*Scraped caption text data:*

_____

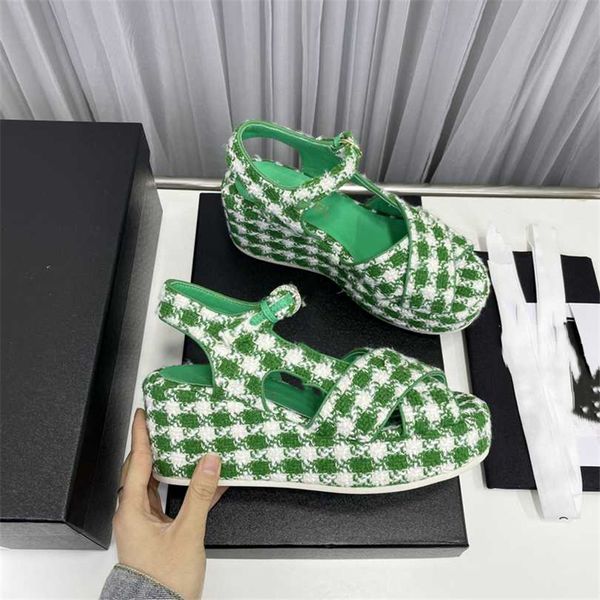 summer popular women sandals 2023 channel luxury brand business dress wedding party leather high heels casual flat slipper 07-03, Black
summer popular women sandals 2023 channel luxury brand business dress wedding party leather high heels casual flat slipper 07-03, Black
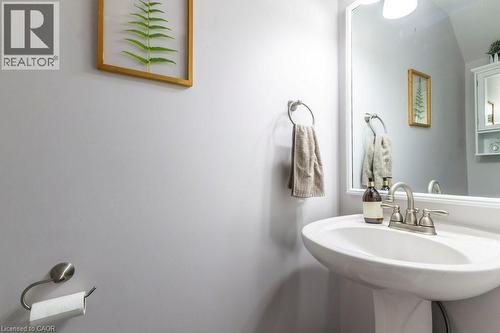 26 Moss Boulevard Unit# 77, Hamilton, ON - Indoor Photo Showing Bathroom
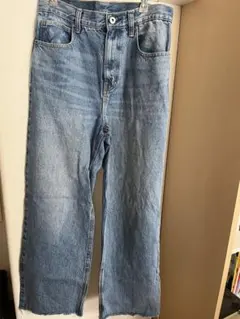 ライトブルー ストレートデニム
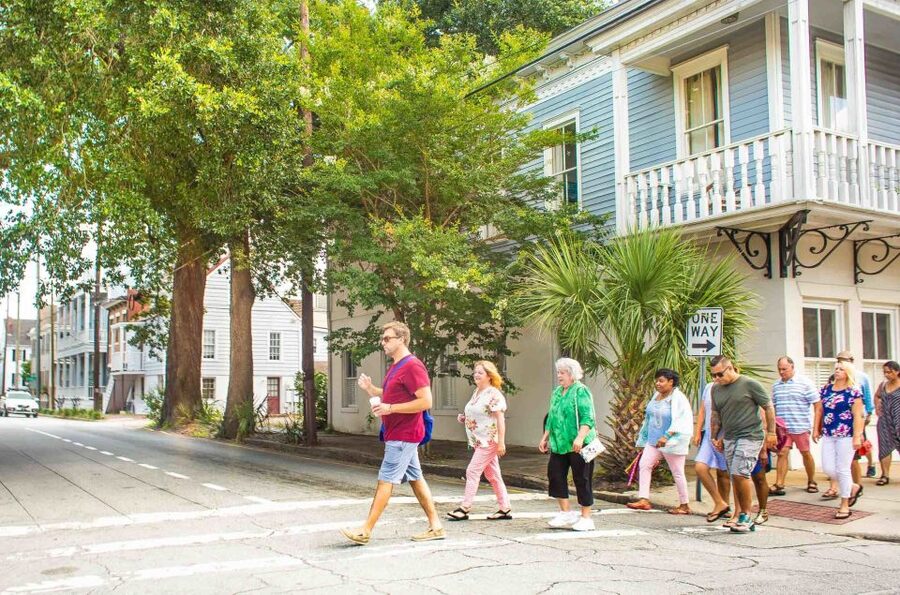 Savannah: Local Favorites Walking Food Tour - Who this tour fits best (and who might not love it)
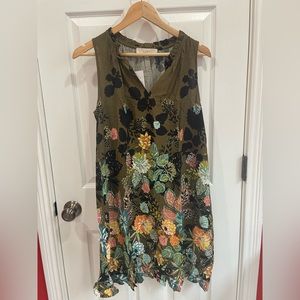 Size M loft dress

_____

*Instructions for the task:*
Copy, word for word, the entries above from the first line to the line that holds "ライトブルー ストレートデニム". Drop the pictures.

*Task output:*
 summer popular women sandals 2023 channel luxury brand business dress wedding party leather high heels casual flat slipper 07-03, Black
summer popular women sandals 2023 channel luxury brand business dress wedding party leather high heels casual flat slipper 07-03, Black
 26 Moss Boulevard Unit# 77, Hamilton, ON - Indoor Photo Showing Bathroom
 ライトブルー ストレートデニム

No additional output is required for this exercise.